Homework4: Hadoop/Spark

Update (April 30):

1) You are allowed for data pre-processing, but you need to consider performance as well, e.g., pre-processing should not be a bottleneck.

2) You are allowed to use a sample dataset for your local Pseudo-Distributed Hadoop And Spark environment if resource on your local computer's resource is a constraint (you need to justify that in your README file).

Please start early. Although it may seem trivial, the programming aspect might be time sensitive and especially debugging is NOT easy.

Total credit: 35; extra credit: 15 (The credits will be normalized to 10 + 4.3 eventually)

Pseudo-Distributed Hadoop And Spark

This is just to warm you up. In reality, Hadoop and Spark are usually deployed over actual distributed cluster nodes. However, for the purpose of this course and to get an idea of the environment, we're starting with a local single node Hadoop and Spark setup (HDP sandbox, Cloudera quickstart VM or Docker).

Even in real world, it is always a good idea to start small and build - Keep It Simple, Stupid (KISS Principle)

Analysis

Twitter data, rich in real-time user-generated content, has become a valuable resource for a wide range of analytical applications across industries. Each tweet carries not just text but also metadata like timestamps, user information, geolocation, hashtags, and interaction metrics such as retweets and likes. This makes Twitter a powerful tool for sentiment analysis, trend detection, event monitoring, and user behavior modeling. Researchers use it to study public opinion on politics or health, businesses analyze it for brand perception and customer feedback, and journalists track breaking news or misinformation. With its volume, velocity, and variety, Twitter data enables both exploratory as well as predictive analytics in fields ranging from marketing to disaster response.

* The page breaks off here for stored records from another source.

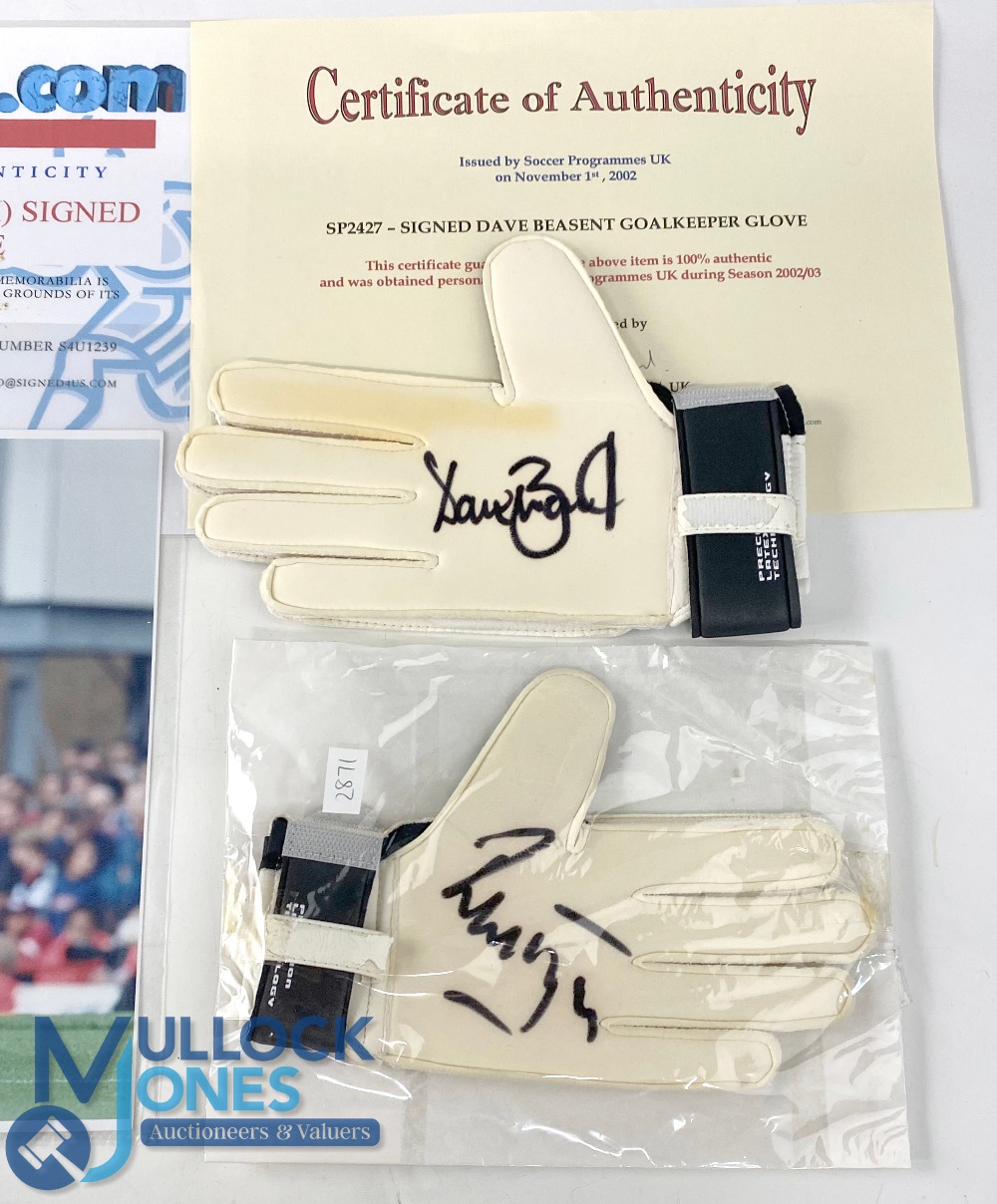 Football Signed Goal Keepers Gloves To include Ian Walker with signed Photo, Dave Beasent, Nigel - Image 2 of 4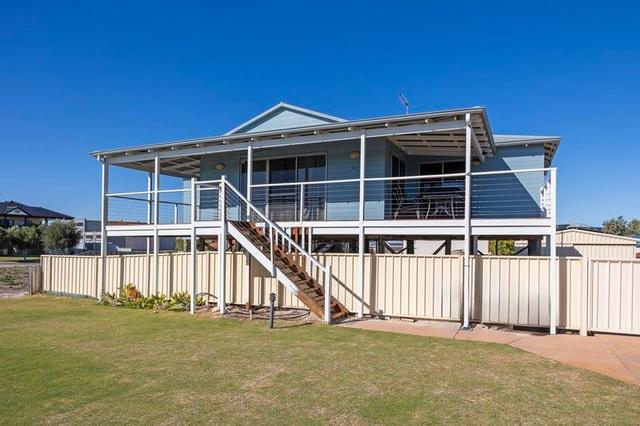 32 Lucraft Loop, WA 6043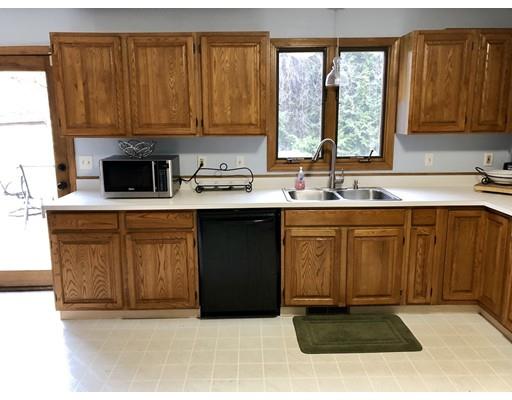 176 Garland Street Springfield, MA 01118 - Photo 5 of 24
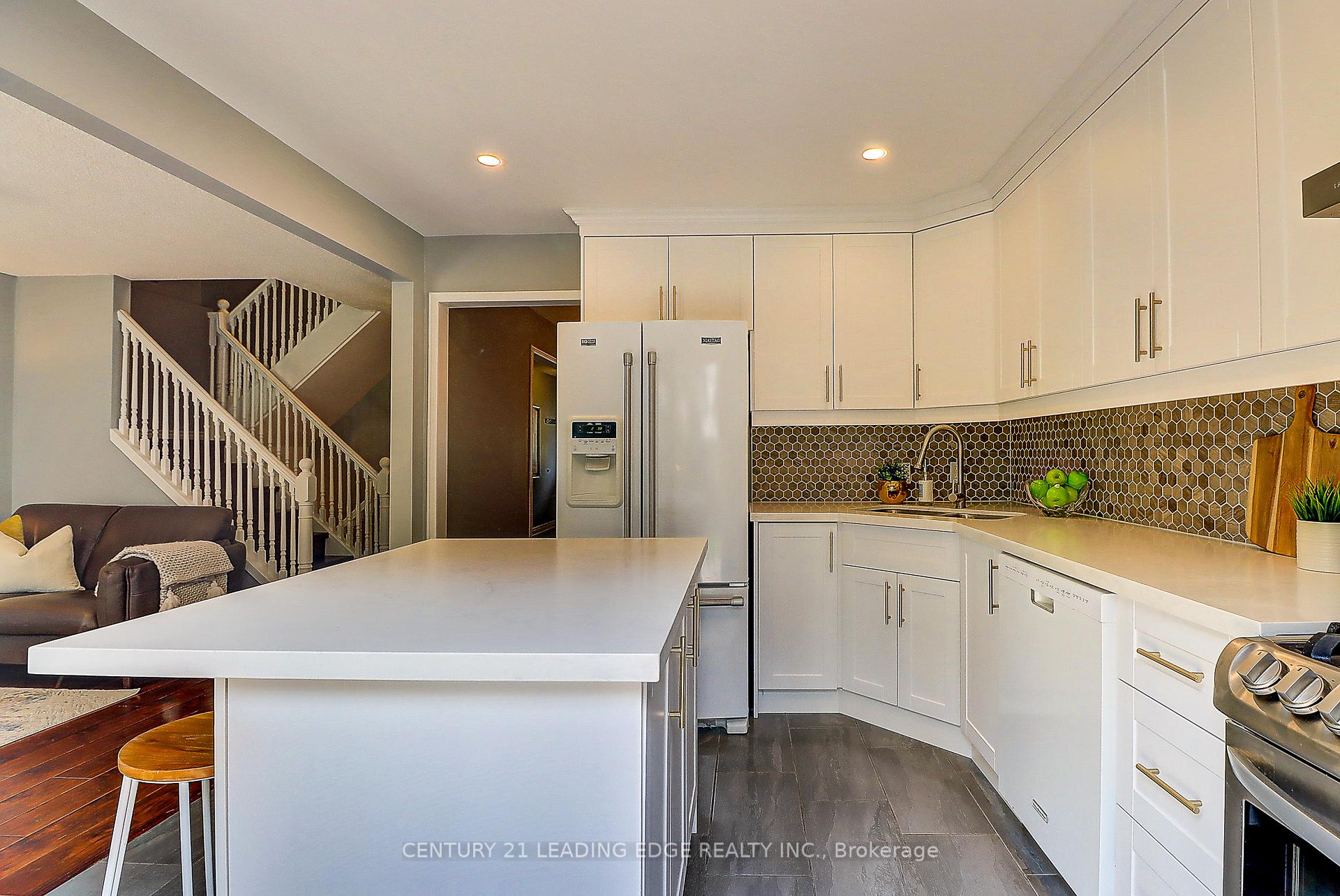 Photo 16 of 45 Vanessa Road, Markham, Markville — HOMEH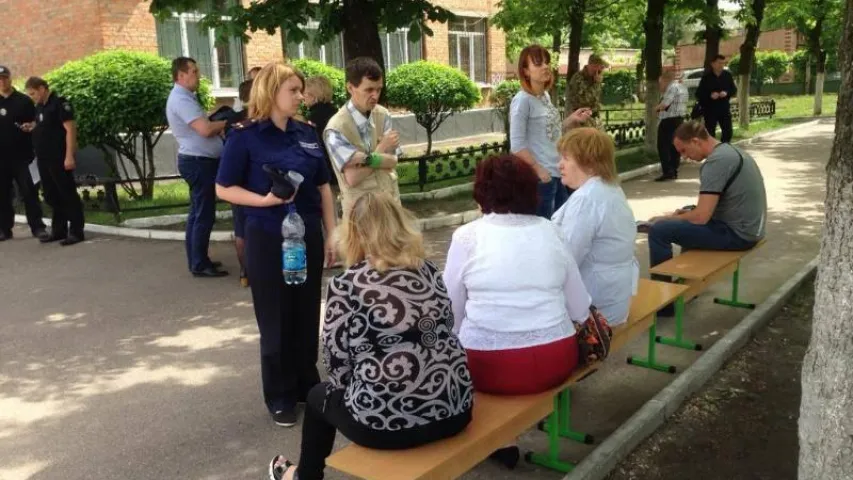 Ва Украіне падчас лінейкі страцілі прытомнасць дзясяткі школьнікаў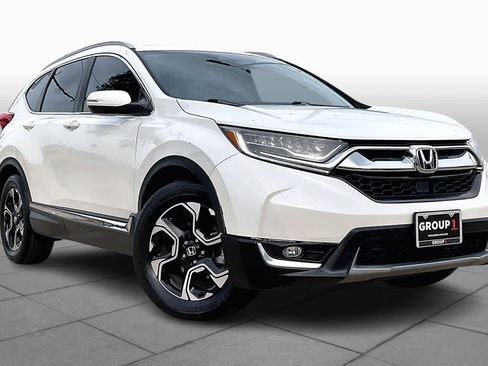 Used 2018 Honda CR-V Touring image 2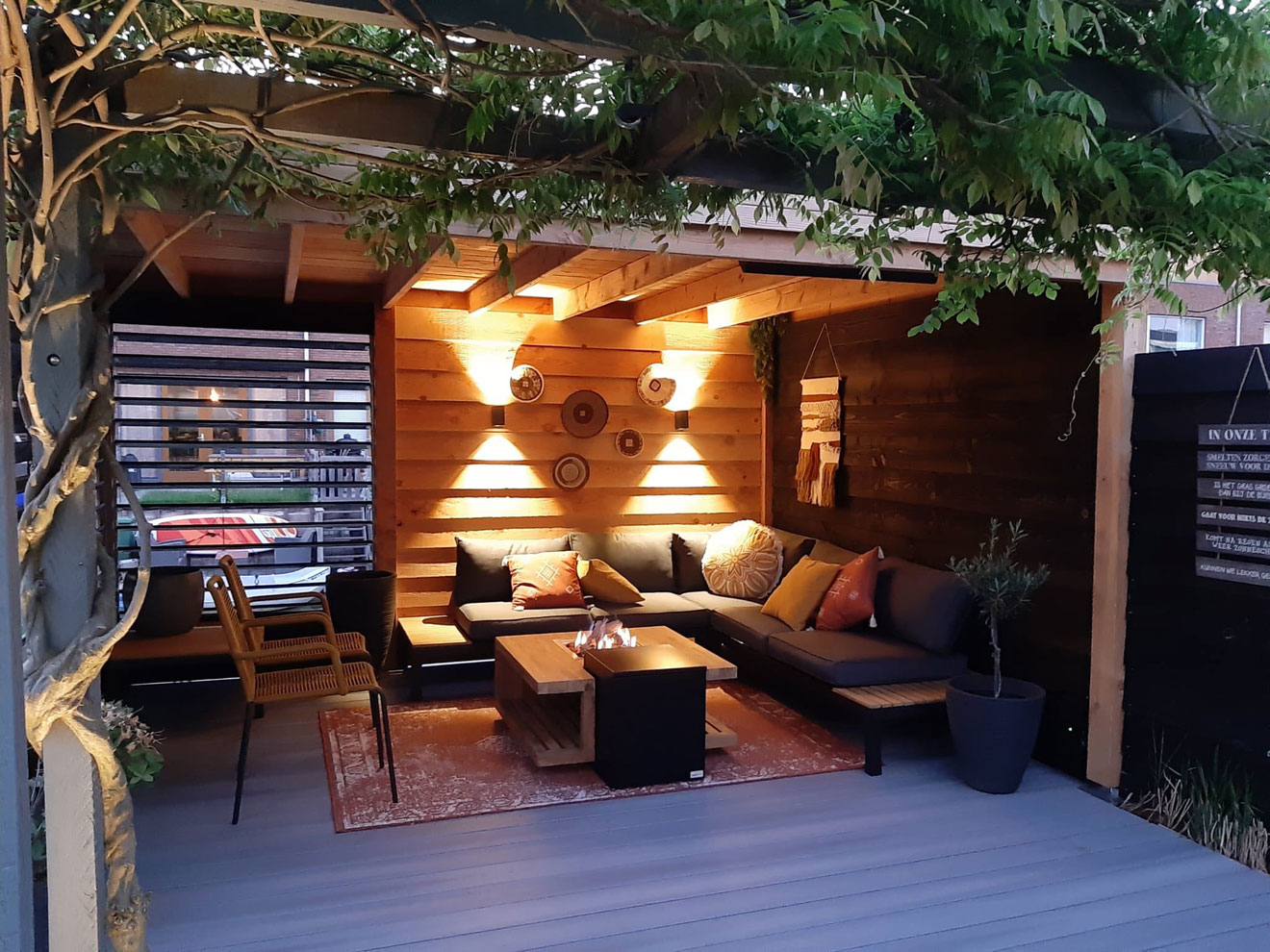 images/houtwerk/Buitenhuis-hovenier-11.jpg#joomlaImage://local-images/houtwerk/Buitenhuis-hovenier-11.jpg?width=1320&height=990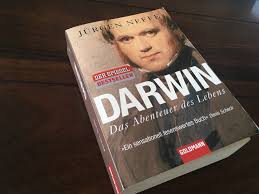 Als sachbuchautorin hat sie bereits einige bücher veröffentlicht, und marx stand still in darwins garten. Ilona Jerger Und Marx Stand Still In Darwins Garten Mit Sekundarliteratur Literatur Im Fenster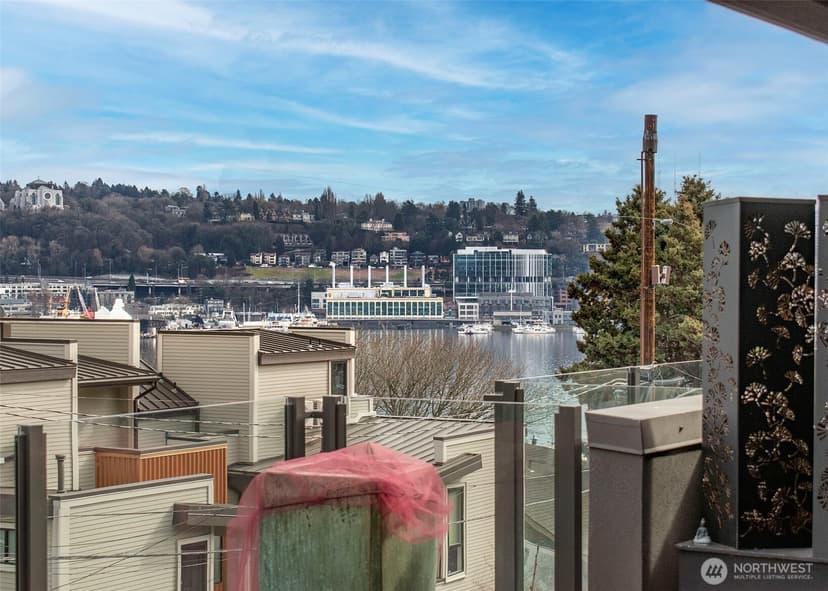 Property photo for 2040 Waverly Place N #301, Seattle photo 31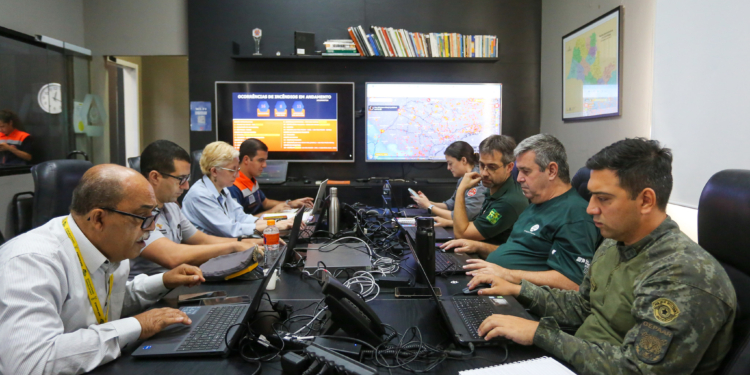 São Paulo tem maior operação aérea da história no combate aos incêndios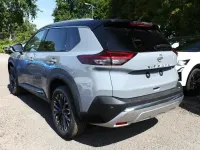 Neu Nissan X-Trail Tekna 163 PS (119 kW) 2026 Grau SUV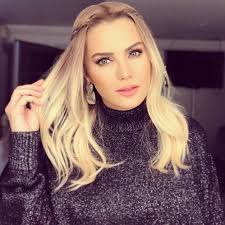Bu Gozler Varken Ben Sizden Hicbir Sey Saklayamam Evet 38 Hastayim Ama Size Dermisim Sac Cetinyilmazzz Themos Long Hair Styles Hair Styles Celebrities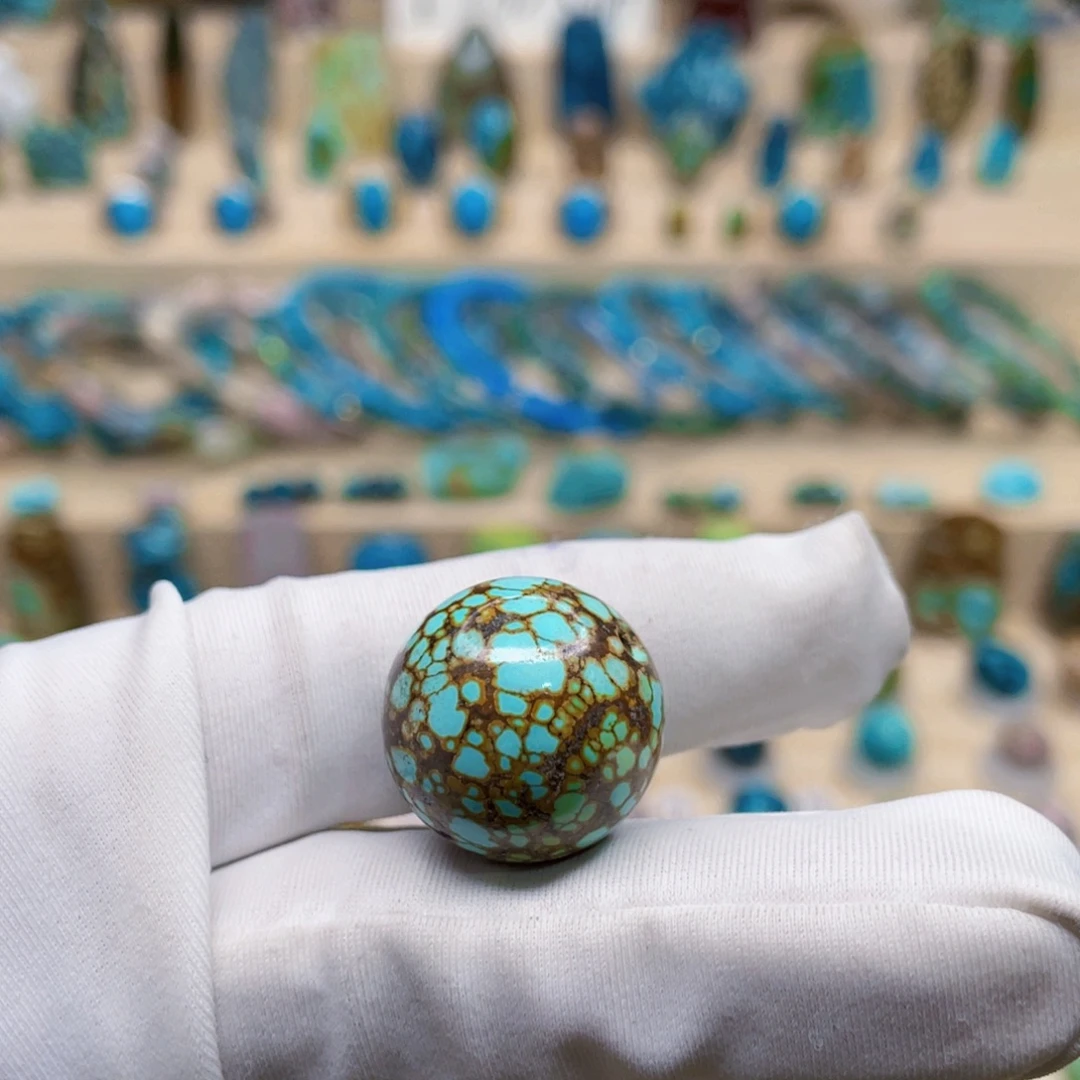 绿松石未镶嵌珠宝奇石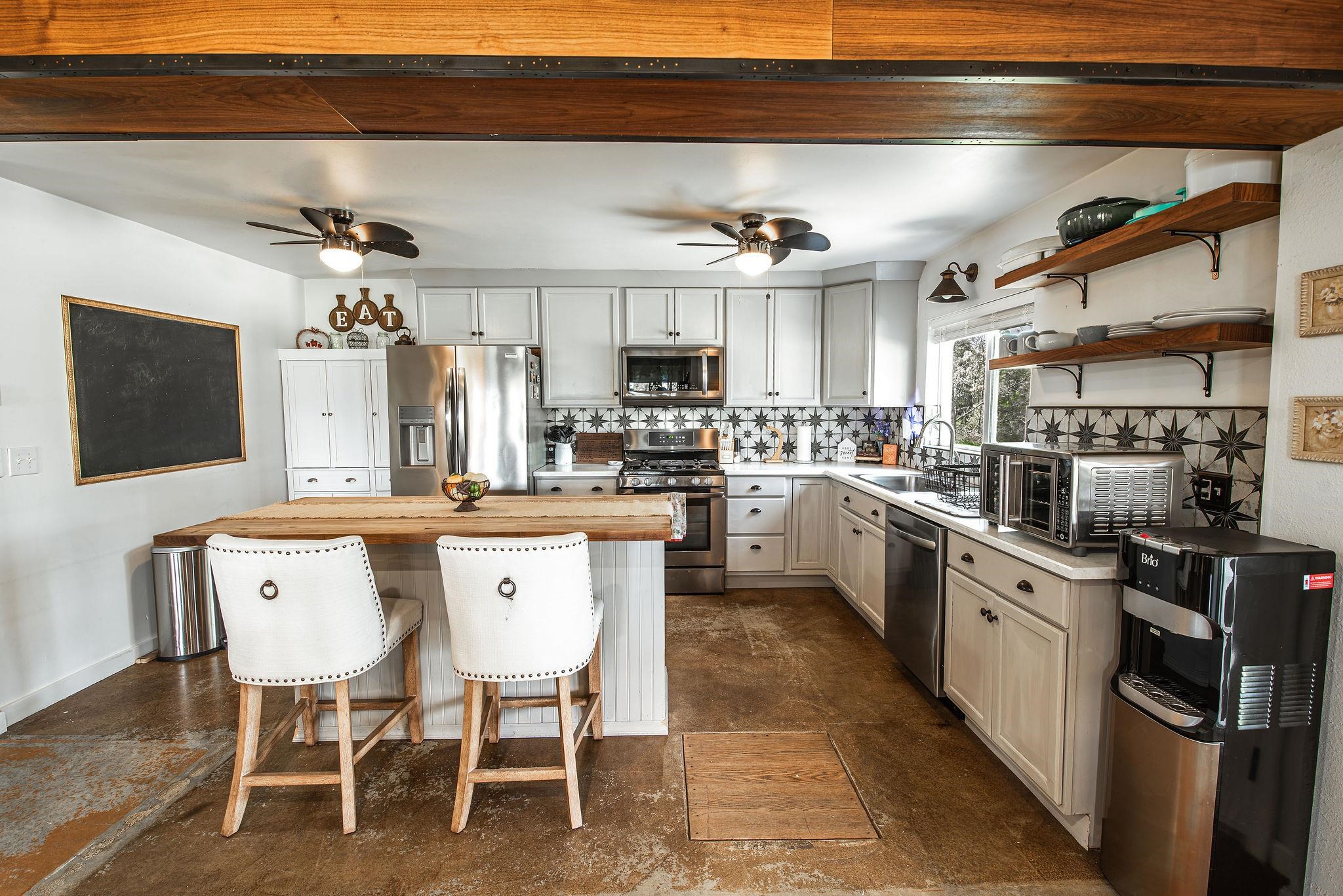 5608 West Jensen Road Cheney, WA 99004 - Photo 4 of 50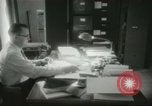 Immagine di Le attività amministrative a MAAG edificio A Bagdad in Iraq, 1956, secondo 40 filmato di repertorio 65675022188
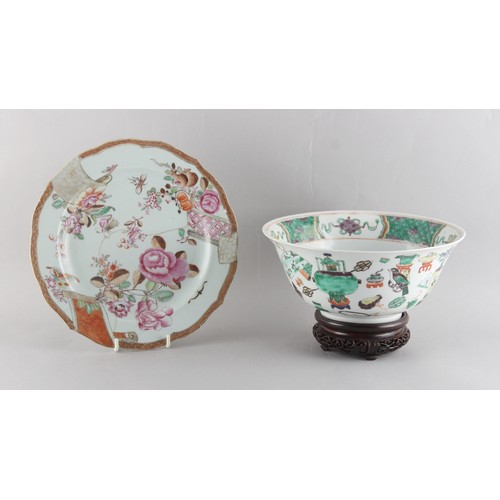 47 - Property of a lady - a Chinese famille verte bowl painted with precious objects, Qing dynasty, re-st...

Twitter was recently rebranded to X with many of its free APIs and dataset only available after paying an associated cost. Despite this, we still have access to past datasets to get a glimpse of analysis use cases that can be performed on this rich resource.

Task Requirements

Task-1 Building on the simple WordCount example done in class and tutorial, your task is to perform simple processing on the provided Twitter dataset. Write code to find the number of distribution of distinct languages of tweets in the dataset

- Program arguments
  1. The path to your input dataset
  2. The output path for your program
- Output format

language <TAB> count

# Example

en 11000

in 5966

it 6789

Task-2 Given an hour of day and an integer N, identify top N trending hashtags from the whole dataset. Please note that this task will have two separate output files.

- Program arguments
  1. The path to your input dataset
  2. Hour of day (0-23)
  3. N
  4. The output path for your program
- Output-1 format

start date of whole dataset

end date of whole dataset

hour of day

Output-2 format

hashtag-1

hashtag-2

...

Task-3 Automated tweet bots have become a norm in today's social media. While there are legitamate use cases where bots are useful e.g. customer services, reminders and alerts etc. there are many grey areas such as follower automation, retweeting etc. where the use of these bots are questionable. This task requires you to write code to identify potential bots given the raw tweet datasets. Some common characteristics of identifying bots are (1) High tweet frequency, and (2) Identical or similar tweets. In addition to identifying the IDs of potential bots, also identify the most common location and device they tweet from. Please note there are multiple ways to identify tweet location from the tweet data.

- Program arguments
  1. The path to your input dataset
  2. The output path for your program (NOTE: You should remove the output path after every execution of your program. Hadoop cannot start a job if output directory is already created)
- Output format

id <TAB> most_common_location <TAB> most_common_device

[35 points] For task-1 and task-2, you will need to write three separate codes to perform the analysis. You can choose any one of the three coding languages i.e. Java, Python or Scala.
1. [5 + 5] Non-distributed conventional code. Task-1-non-distributed.{java, py, scala} and Task-2-non-distributed.{java, py, scala}
2. [5 + 5] Distributed Hadoop code. Task-1-Hadoop.{java, py, scala} and Task-2-Hadoop.{java, py, scala}
3. [5 + 5] Distributed Spark code. Task-1-Spark.{java, py, scala} and Task-2-Spark.{java, py, scala}

[5] In addition to the code files, you are also required to submit the following analysis files

Hardware setup hardware.txt with the following entries

[local setup]

number of CPUs/cores

amount of memory in GBs

[GCP setup]

number of worker nodes

number of vCPUs per worker nodes

amount of memory in GBs per worker node

Performance analysis file performance.txt containing run times for the following cases. All timing numbers should be in seconds

[Task-1]

non-distributed/local, Hadoop-on-GCP, Spark-on-GCP

[Task-2]

non-distributed/local, Hadoop-on-GCP, Spark-on-GCP

2. [15 points] For task-3, you will need to write only Spark code. You can choose any one of the three coding languages i.e. Java, Python or Scala.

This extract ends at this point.